* Task input
────────────────────

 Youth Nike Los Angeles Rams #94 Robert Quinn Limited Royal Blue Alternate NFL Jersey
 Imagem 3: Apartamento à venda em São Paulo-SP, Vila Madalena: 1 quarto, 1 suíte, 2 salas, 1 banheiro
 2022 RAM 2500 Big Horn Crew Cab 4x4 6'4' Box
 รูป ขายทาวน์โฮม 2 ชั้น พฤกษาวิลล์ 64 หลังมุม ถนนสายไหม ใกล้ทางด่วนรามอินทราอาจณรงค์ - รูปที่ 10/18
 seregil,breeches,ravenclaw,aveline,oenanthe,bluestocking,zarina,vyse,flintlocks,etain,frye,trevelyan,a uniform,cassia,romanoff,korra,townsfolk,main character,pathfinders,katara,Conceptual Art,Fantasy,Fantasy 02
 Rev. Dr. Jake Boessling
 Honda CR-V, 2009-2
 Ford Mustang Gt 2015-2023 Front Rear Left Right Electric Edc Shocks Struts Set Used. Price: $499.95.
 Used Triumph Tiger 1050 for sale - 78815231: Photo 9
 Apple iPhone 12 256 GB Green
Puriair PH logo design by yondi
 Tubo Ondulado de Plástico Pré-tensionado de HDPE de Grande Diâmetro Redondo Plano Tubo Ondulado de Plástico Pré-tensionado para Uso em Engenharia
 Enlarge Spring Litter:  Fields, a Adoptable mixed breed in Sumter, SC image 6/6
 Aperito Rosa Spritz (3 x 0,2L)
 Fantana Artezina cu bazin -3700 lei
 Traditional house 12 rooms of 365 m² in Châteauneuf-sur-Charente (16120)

────────────────────

* Exercise objective
Using the data above, copy each line that contains "Used".

* Response area
 Ford Mustang Gt 2015-2023 Front Rear Left Right Electric Edc Shocks Struts Set Used. Price: $499.95.
 Used Triumph Tiger 1050 for sale - 78815231: Photo 9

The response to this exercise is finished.